MATERIALS AND METHODS: A national survey designed to meet the needs of each key respondent group was carried out after a structured literature review, an extensive consultation process and a pilot scheme. Respondents were asked to assess their degree of preference for 10 pre-selected indications for follow-up. Eight models of follow-up were also identified and respondents were asked to state their experience and preference for each type. The questionnaire was distributed nationally via the 34 cancer networks in England and was available both online and in hard copy (postal). The uptake for the electronic format was in the main by primary care practitioners and specialist clinicians. Service users preferred the paper (postal) format. The survey was also publicised through the primary care and patient partnership forums at a Cancer Network Development event.

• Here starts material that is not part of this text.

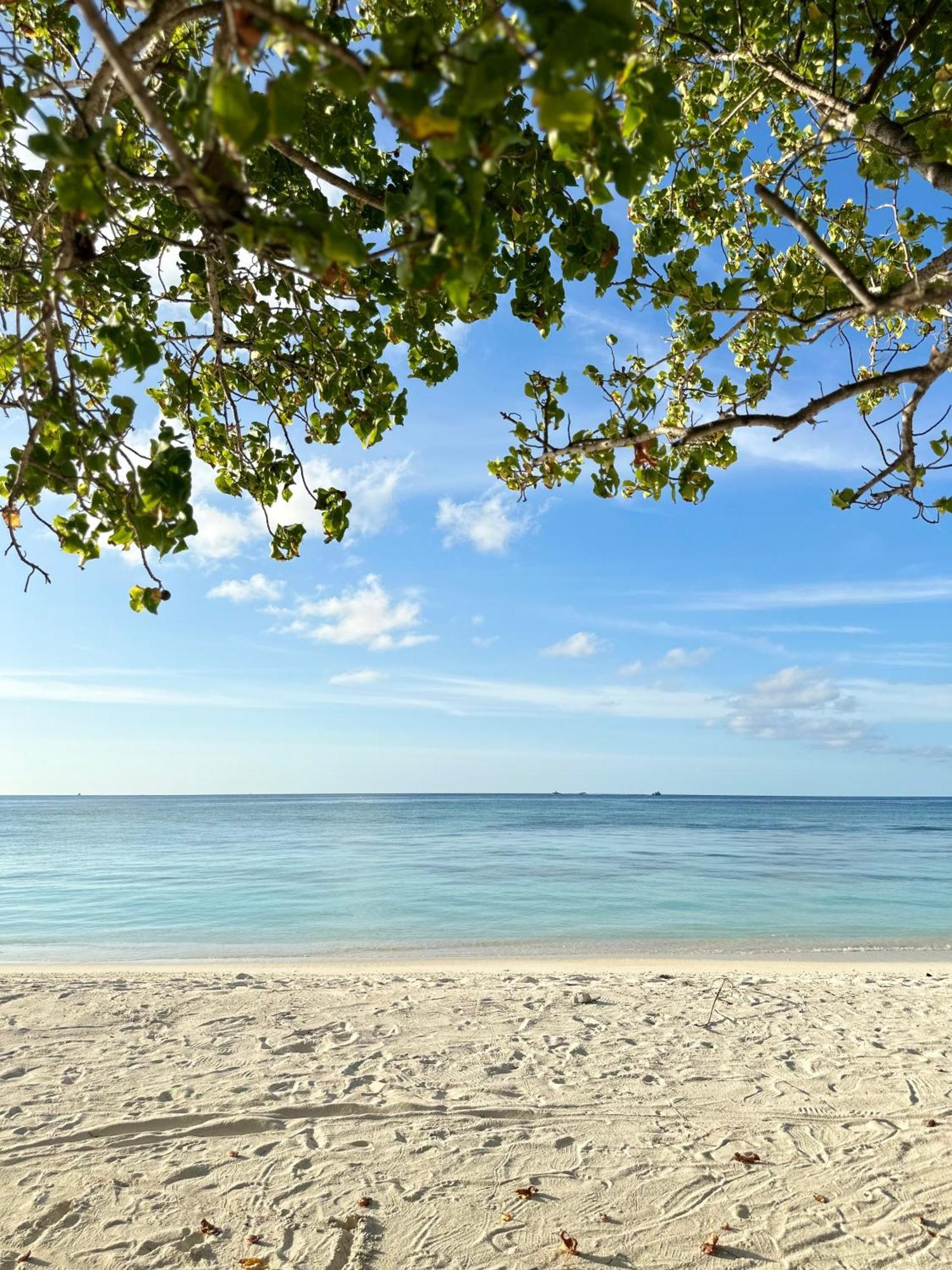 Yuvi Blue Maldives & Spa Hotel Himmafushi Exterior photo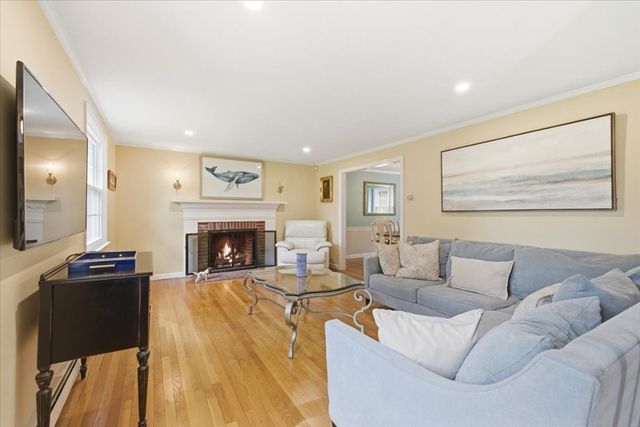 126 Flint Locke Dr, Duxbury, MA 02332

RESULTS: In total, 2928 responses were received, comprising service users (21% of the sample), primary care practitioners (32%) and specialist clinicians (47%). Eighty-six per cent of responses were received from the 10 strategic health authorities in England, with the remaining 14% from Scotland, Wales and The Isle of Man. The responses from Scotland, Wales and the Isle of Man generally occurred where they interfaced with English cancer networks or had been engaged through word of mouth by colleagues. Among all respondents the main aims of cancer follow-up were considered to be: (1) to monitor for early complications after treatment; (2) to detect recurrences early; (3) to detect late effects of treatment. The most commonly experienced method of follow-up among all respondent groups was outpatient review with a doctor. This was considered to be the most preferred follow-up option among service users (86%). The least preferred option among service users was postal follow-up (32%). Primary care practitioners and specialist clinicians were more likely than service users to have experienced alternative methods of follow-up, such as telephone follow-up, self-triggered referral and non-specialist follow-up. These models were highly rated by those who had experience of them.

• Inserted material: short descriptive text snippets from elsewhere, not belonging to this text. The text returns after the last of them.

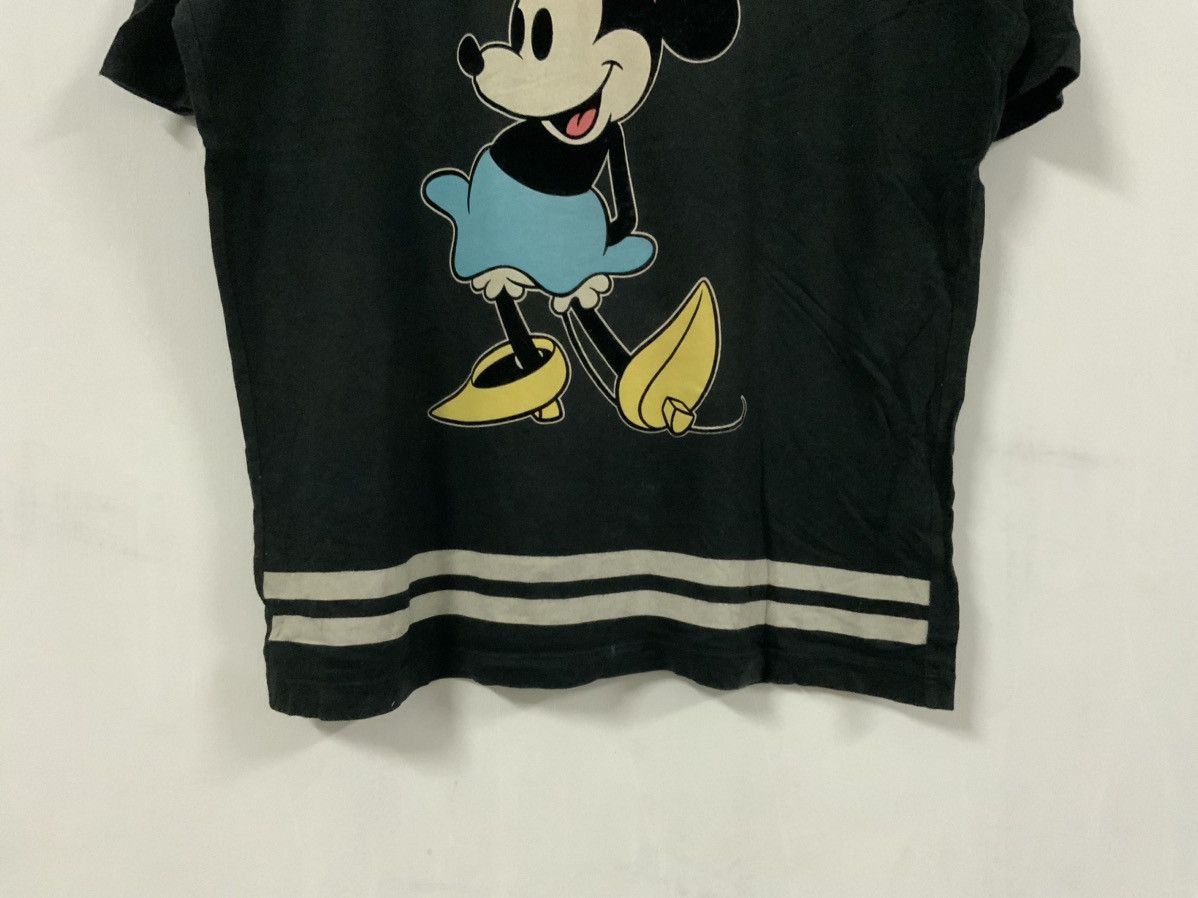 Mickey Mouse Mickey Mouse Uniqlo Big Logo Disney Tee Size US S / EU 44-46 / 1 - 4 Thumbnail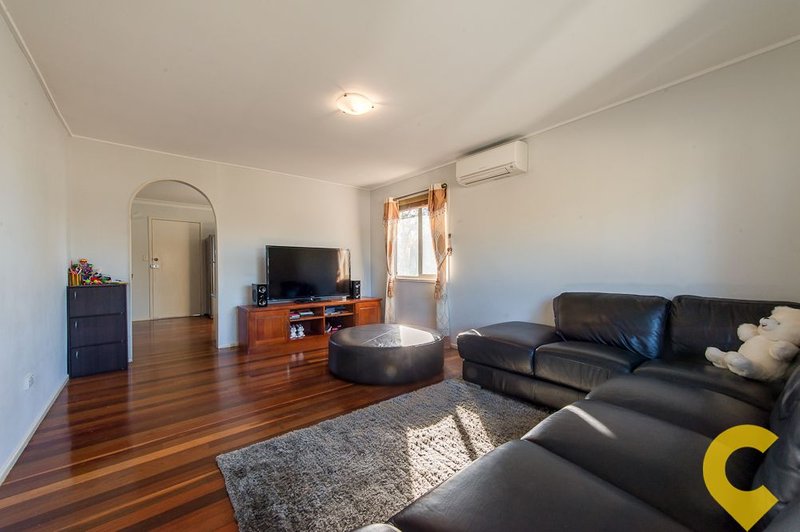 Photo - 24 Moraby Street, Keperra QLD 4054 - Image 2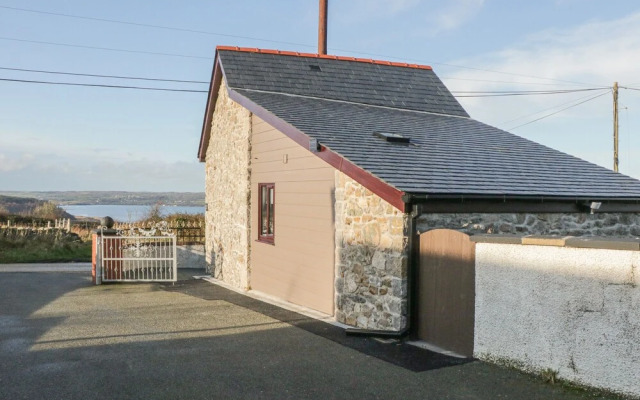 Ysgubor Ddegwm Bach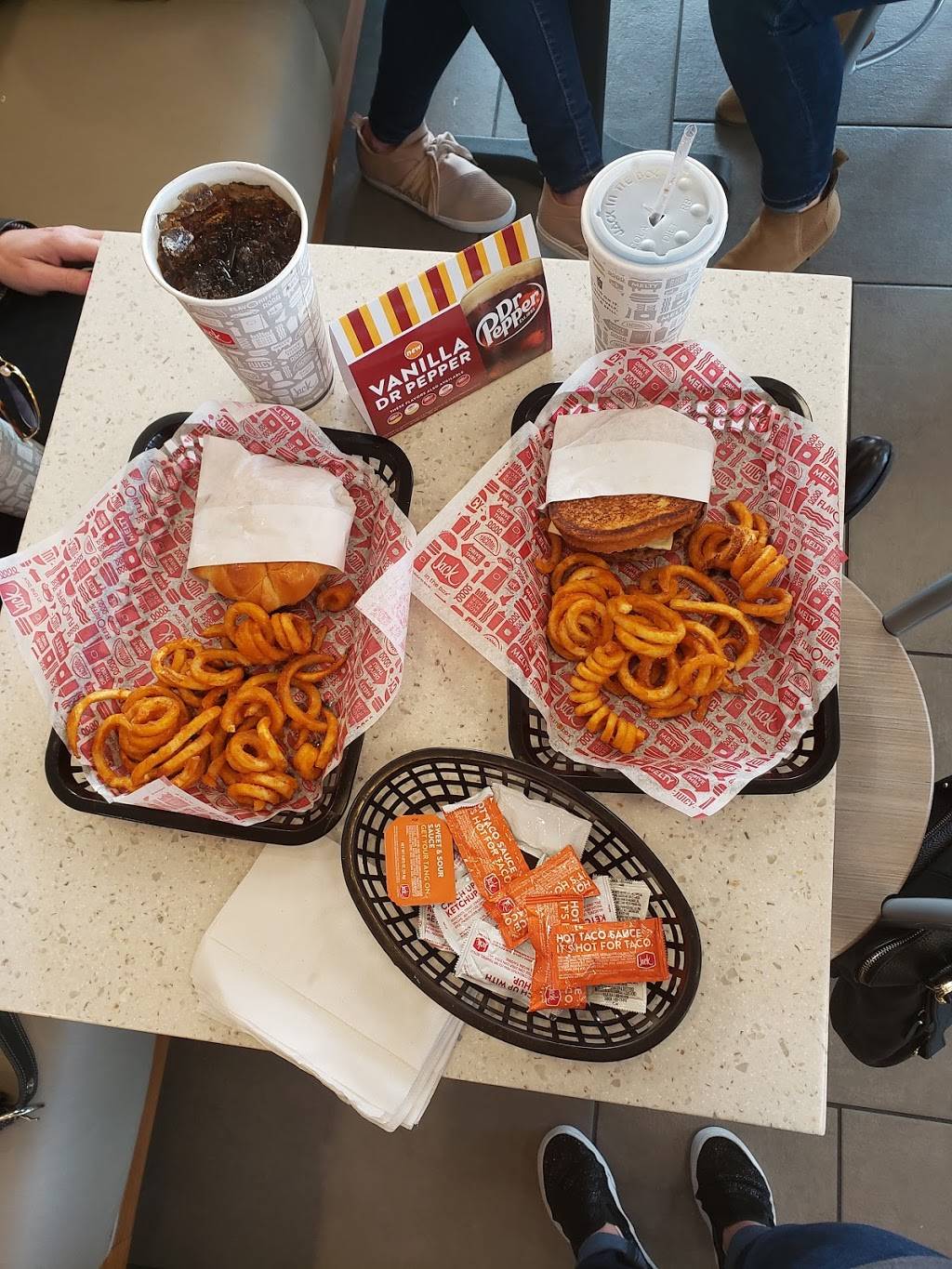 Jack in the Box | restaurant | 9055 John Hickman Pkwy, Frisco, TX 75034, USA | 4695353938 OR +1 469-535-3938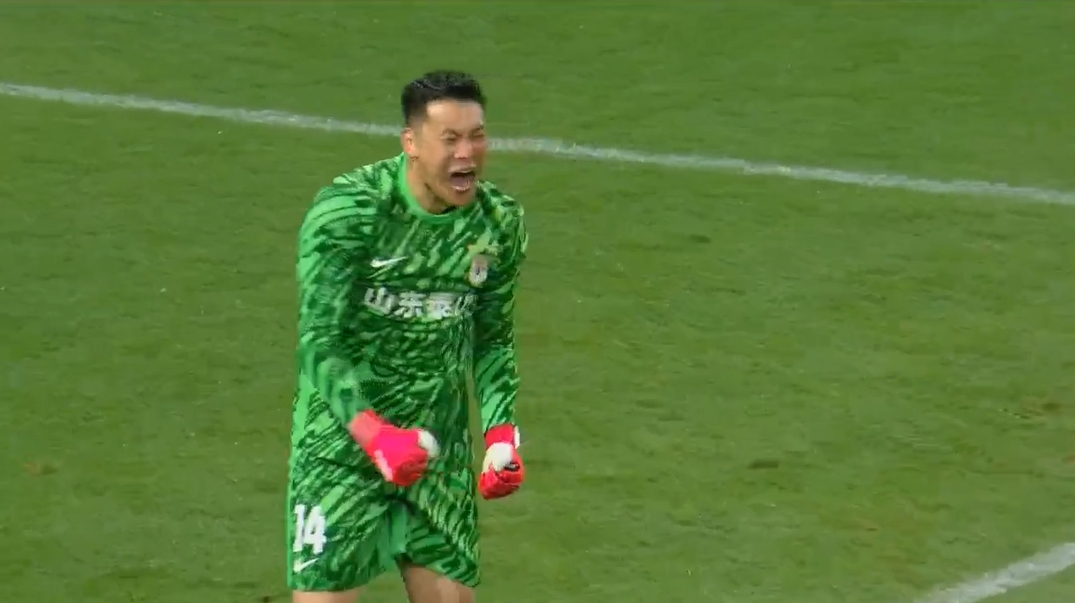 讓3追4大逆轉(zhuǎn)！王大雷聽到終場(chǎng)哨聲怒吼+揮拳慶祝 盡情釋放壓力！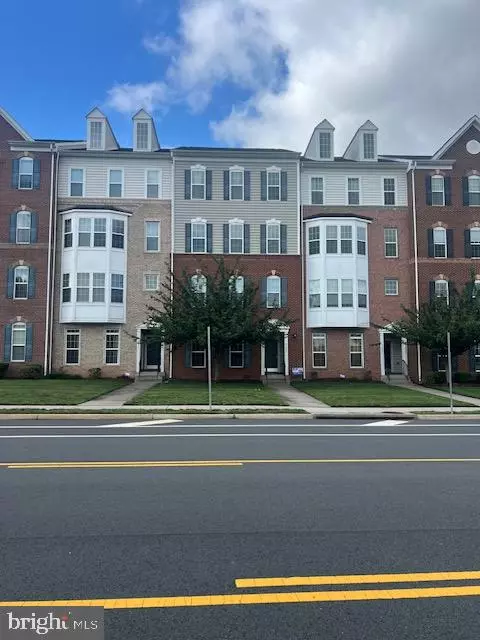 Ashburn, VA 20148,43841 CENTERGATE DR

CONCLUSIONS: There was a reasonable level of consensus between service users, primary care practitioners and specialist clinicians as to the reasons for follow-up. Service users seemed to have higher expectations of follow-up, particularly in relation to detecting recurrences early. As respondents were more likely to prefer a method of follow-up delivery that they had experienced than one they had not; there could be resistance to change from established methods to new methods without adequate explanation. This suggests that the communication of new methods could be critical to their successful introduction.
Copyright © 2010 The Royal College of Radiologists. Published by Elsevier Ltd. All rights reserved.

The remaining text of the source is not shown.